PDD and fMDD present both shared and distinct patterns of altered brain function. Shared findings include increased ALFF in left medial PFC [54, 106], increased ReHo in thalamus [55] and decreased activity in the ACC and cingulate in response to negative stimuli [21, 116]. Additionally, there is reduced activity in the cingulate gyrus in response to positive stimuli [21, 116], and reduced AMY-insula connectivity [72, 93]. However, PPD is characterized by decreased activity in AMY and precuneus, along with increased activity in the insula, in response to negative stimuli [21, 71]. Conversely, fMDD has increased activity in the AMY and precuneus and decreased activity in the insula [107, 116].
One study directly compared PPD, fMDD and HC to identity shared and different resting-state neural circuits [55]. Both PPD and fMDD groups showed higher fALFF in the left temporal pole (vs HC).
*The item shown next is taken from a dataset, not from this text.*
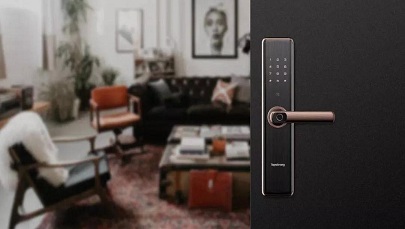 顶固TX智能锁到底有什么过人之处？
The fMDD group showed a specifically increased FC in the right cerebellum, whereas PPD had specifically decreased fALFF in the left supplementary motor area and the posterior MTG, and reduced posterior MTG-precuneus and left-right sgACC connectivity. Additionally, there were significant ReHo differences in the left thalamus and left sgACC (PPD > fMDD > HC).
In the medial PFC, PPD shows increased Glu levels [77]. In fMDD, however, there were no significant differences in Glu, GABA, or Glx concentrations in this region [106, 130].
The conjunction analysis (57 experiments, 1194 participants) identified regions in the right insula, left ventral lateral nucleus (thalamus), left caudate, right amygdala, left cingulate gyrus and bilateral putamina demonstrating convergent brain changes in both PPD and fMDD (Table S12; Fig. 4). Contrast analyses revealed that PPD was associated with more prominent alterations in temporal lobes and somatosensory cortices, while fMDD showed stronger involvement of the DLPFC and ACC (Fig. 4).
Dice coefficients for PPD and fMDD were low for both symptom networks: 0.0858 (PPD/anxiosomatic), 0.0924 (PPD/dysphoric), 0.0845 (fMDD/anxiosomatic) and 0.0995 (fMDD/dysphoric).
The dummy dataset of randomly assigned coordinates did not result in any significant cluster accounting for strict thresholding. This suggests that our meta-analytical results on PPD are not merely the consequence of compiling heterogeneous study results for analysis.